Je me tournai vers lui. Jezekael était là, devant moi. Même après plusieurs tentatives, je n'avais pas réussi à le croiser suffisamment longtemps pour lui rendre sa mémoire et cette mission me paraissait soudain comme une bénédiction. Mon regard croisa le sien et j’en eus le souffle coupé. Ses magnifiques yeux verts autrefois si vifs semblaient ternes et sans vie, même si une étrange lueur – très faible – qui me semblait familière y était logée. Je n'eus pas le temps de m’y plonger d’avantage que je fus ramenée à la réalité, scindant ainsi ce contact visuel.

— C'est bien clair ?

— Oui chef ! fîmes-nous d'une seule voix.

— Vous partirez en début d'après-midi. Partez maintenant, je n’ai plus besoin de vous.

Je m'apprêtais à sortir, suivie de Jezekael lorsque le commandant nous interpella :

— Sauf 1304 et 2407. Vous serez tous les deux en charge des opérations sur place. Je vous laisse le dossier de cette affaire. Je suspecte qu'un groupe de rebelle ait élu domicile dans la forêt avoisinante et tente d'interférer avec le protocole 4022, raison pour laquelle nous n’avons plus de nouvelles depuis peu. Vous pouvez disposer à présent.

— Bien mon général, dîmes-nous avant de partir pour de bons de la salle.

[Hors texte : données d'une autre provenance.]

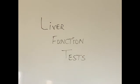Hi everyone, thanks for watching today's video. Today I'm going to talk about a group of blood tests which are performed in almost every laboratory around the world if a doctor is suspecting something wrong with our liver.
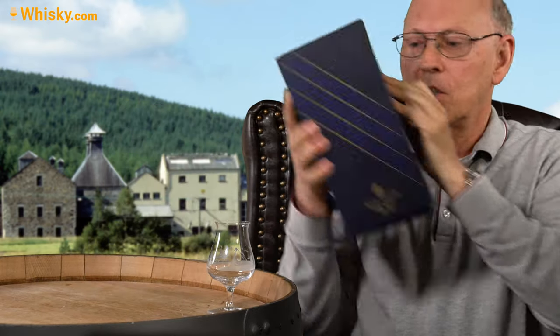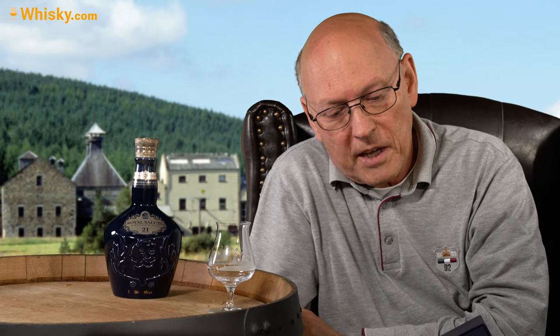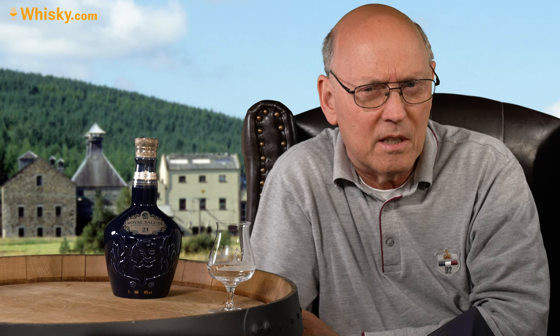Here I show the bottle first. It's a porcelain bottle in royal blue, where the color is derived from one of the gems from the imperial crown. Royal Salute was created to mark the coronation of Queen Elizabeth II and has since been the official partner of all ceremonial royal gun salutes fired at the Tower of London.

À peine sortie du bureau, je pris la direction de mon dortoir où les filles devaient certainement préparer leurs affaires dans le but d’en faire de même. Je devais aussi les informer des dernières nouvelles relatives à la mission qui se trouvaient dans la pochette que nous avait remise le général après leur départ. Cependant, une odeur persistante me suivait alors qu’il n’y avait aucune raison valable à cela.

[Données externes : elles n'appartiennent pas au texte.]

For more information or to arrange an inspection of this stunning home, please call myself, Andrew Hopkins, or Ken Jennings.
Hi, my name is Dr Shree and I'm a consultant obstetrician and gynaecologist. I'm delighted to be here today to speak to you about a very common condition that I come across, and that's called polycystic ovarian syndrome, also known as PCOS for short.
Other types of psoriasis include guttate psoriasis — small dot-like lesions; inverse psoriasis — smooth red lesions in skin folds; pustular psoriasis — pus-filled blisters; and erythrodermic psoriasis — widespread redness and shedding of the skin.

— 2407, en quoi je peux t'ai...

Je n'eus pas le temps de finir ma phrase qu'il me poussa dans la première salle vide qui croisa notre route. Coupant court à n’importes quelles protestations qui auraient pu sortir de ma bouche, il m’embrassa. Le baiser était semblable à ceux passés, imprégné d’autant d’amour et de tendresse que ceux qu’il me donnait voilà maintenant deux ans. Je sentis les larmes me monter aux joues sous la joie de le retrouver, mais aussi la peur de me faire de faux espoirs. Était-ce réel ? Se souvenait-il vraiment de ce que nous avions partagé ? Avait-il seulement perdu sa mémoire un jour ? Tant de questions sans réponses se bousculaient dans ma tête. Et je n’avais pas le moins du monde la force de les lui poser, ne voulant pas briser ce moment que je désirais plus que tout depuis qu’ils nous avaient pris nos souvenirs.